Wrenn pointed out that the building would not take any parking spaces or impede the entrance and exit of the school buses at the Hampton Academy Junior High School farther north on Academy Avenue. He said that there may be some suggestions to improve the flow of the daily school bus drop-off and pick-up of the students.
A bright, pleasant lobby with windows to take advantage of the southern exposure would face Winnacunnet and would be the reception area, with public rest rooms and access to the dispatcher's window. From the lobby or an outside entrance, the public could enter a community room which Wrenn explained could be used by senior citizens, boy or girl scouts, and other similar groups.
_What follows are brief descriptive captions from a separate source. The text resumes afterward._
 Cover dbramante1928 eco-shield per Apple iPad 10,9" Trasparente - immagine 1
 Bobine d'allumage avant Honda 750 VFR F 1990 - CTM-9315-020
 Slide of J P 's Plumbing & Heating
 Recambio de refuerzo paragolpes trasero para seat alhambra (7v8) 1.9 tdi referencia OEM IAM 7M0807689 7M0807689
The community room and the lobby would be secure and non-accessible by any prisoners or suspects being detained or interviewed. There would be a small room off the lobby where the citizens could talk privately to a police officer.
The chief said that he and other officers had worked many hours with the architect on three points concerning the flow of activities in the new building for the public, the employees, and the prisoners using the building for parking, entrance and accessibility of personnel who would deal with their needs. Employees would park in the rear of the building with an entrance that would provide easy-flow to the officers' squad room or stairs leading up to locker rooms, a fitness center and administrative offices.
[Atlantic News Photo by Tom Donaldson]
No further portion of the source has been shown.